ASSIGNMENT:
Images should be omitted while the rest of the data is duplicated exactly.

EXERCISE DATA:
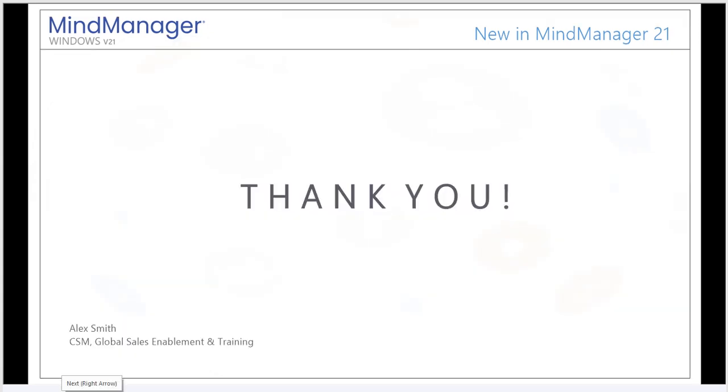Thank you for your time today. It was my pleasure presenting to you. Again, my name is Alex Smith, Customer Success Manager with the Global Sales Enablement and Training Department. Take care.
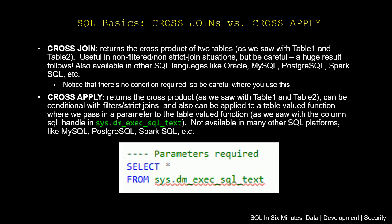So to think about the differences, and we're talking about SQL Server in this case, though we could be thinking about other SQL languages, first of all, cross-join returns the cross-product of the two tables, as we saw with table 1 and table 2. It's useful in non-filtered, non-strict join situations, but be careful, because a huge result follows. This is also available in other SQL languages outside of T-SQL, like Oracle, MySQL, PostgreSQL, Spark SQL, etc.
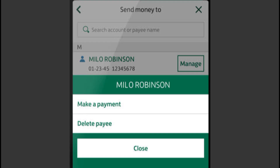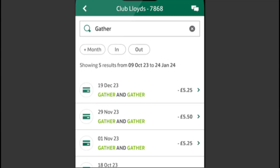Select the Transfer Limit option, which may be titled Increase Transfer Limit or Manage Transfer Limit depending on your app version. Choose Self Limit to set your desired transfer limits.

WRITTEN ANSWER:
Thank you for your time today. It was my pleasure presenting to you. Again, my name is Alex Smith, Customer Success Manager with the Global Sales Enablement and Training Department. Take care.
So to think about the differences, and we're talking about SQL Server in this case, though we could be thinking about other SQL languages, first of all, cross-join returns the cross-product of the two tables, as we saw with table 1 and table 2. It's useful in non-filtered, non-strict join situations, but be careful, because a huge result follows. This is also available in other SQL languages outside of T-SQL, like Oracle, MySQL, PostgreSQL, Spark SQL, etc.
Select the Transfer Limit option, which may be titled Increase Transfer Limit or Manage Transfer Limit depending on your app version. Choose Self Limit to set your desired transfer limits.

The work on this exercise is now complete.